SiriusXM came to the aid of Pandora with an investment of almost half a billion dollars, though it’s not buying the streamer outright. Pandora meanwhile is also shedding its ticket business to raise more cash.
The “strategic” investment by SiriusXM is $480 million, the organizations announced June 9; Pandora said it is offloading Ticketfly to Eventbrite for a package valued at another $200 million in an effort to focus on “core priorities.”
These moves follow a strategic review process, results of which the streamer disclosed in May.
According to a release, “The capital provided through the SiriusXM investment will allow Pandora to make targeted investments and capitalize on opportunities to build on its position in the streaming radio business.” For SiriusXM’s part, CEO Jim Meyer said the satcaster is making this move because it represents “the ad-supported digital radio business, a space where SiriusXM does not play today.”
An aspect of the agreement signals Pandora’s relative weakness — its board will no longer be helmed by an Pandora insider.
Three individuals designated by SiriusXM will be named to the board of directors, which will be expanded to nine people. One of SiriusXM’s designees will serve as chairman, the other two will serve as select board committee representatives.
A SiriusXM subsidiary purchased $172.5 million of Series A preferred stock upon execution of the agreement and has agreed to purchase the balance of the stock at a second closing, subject to customary closing conditions; it’s expected to close by Q4. That’s the equivalent of 19% of Pandora’s outstanding common stock and a 16% stake on an as-converted basis, according to the announcement.

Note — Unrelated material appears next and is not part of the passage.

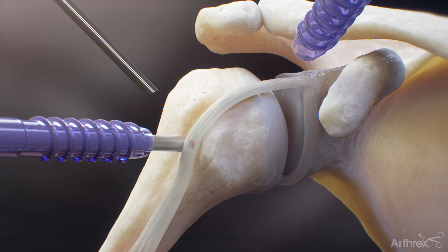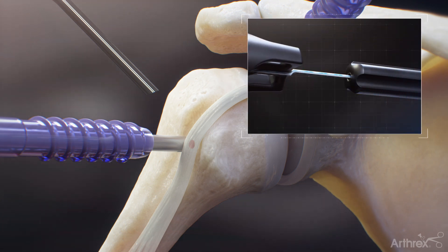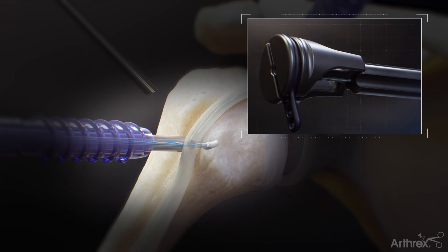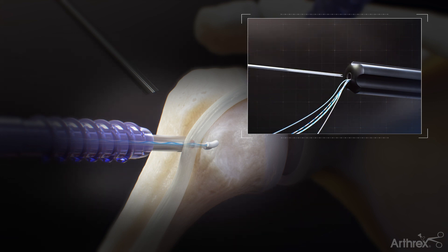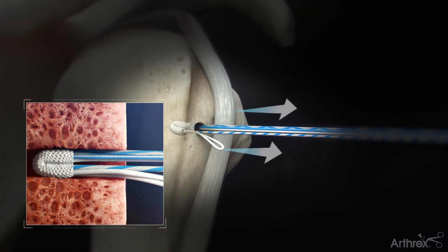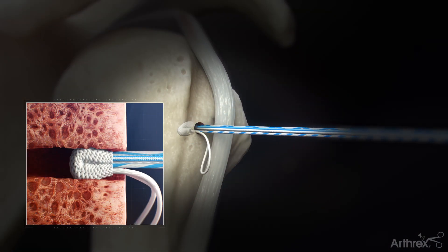Keep the drill guide in place and insert the knotless fiber-tech implant through the guide. Lightly tap on the inserter handle until it is flush with the drill guide. Remove the black suture release tab to remove the sutures from the inserter handle. Lightly pull evenly on the suture limbs to set the anchor in the bone.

The agreement may be terminated by either party if closing has not occurred by Feb. 1, 2018.
Among other restrictions, SiriusXM will not be allowed to acquire additional securities of Pandora for 18 months. (That should quell rumors of an outright takeover for a while.)
After that period and for as long as a director designated by it is serving on the board of directors, SiriusXM has agreed not to acquire more than 31.5% of Pandora’s equity securities without the approval of Pandora’s board of directors. (That should be an easier hurdle to jump, given the new board structure.)
TICKETFLY
Pandora had acquired Ticketfly less than two years ago, October 2015, a move that expanded its portfolio into live events. That transaction was valued at $450 million — more than twice what Eventbrite will now pay through a combination of $150 million cash and a $50 million note payable to Pandora.
However, Pandora isn’t completely getting out of the ticketing game. According to the release, Pandora plans to partner with Eventbrite in a “commercial agreement that allows Pandora to broaden the scale of its ticketing opportunities.” Pandora says this move “leveraging audience scale and targeting while minimizing the operational commitment” — and allows them to focus on the core business of personalized streaming, one assumes.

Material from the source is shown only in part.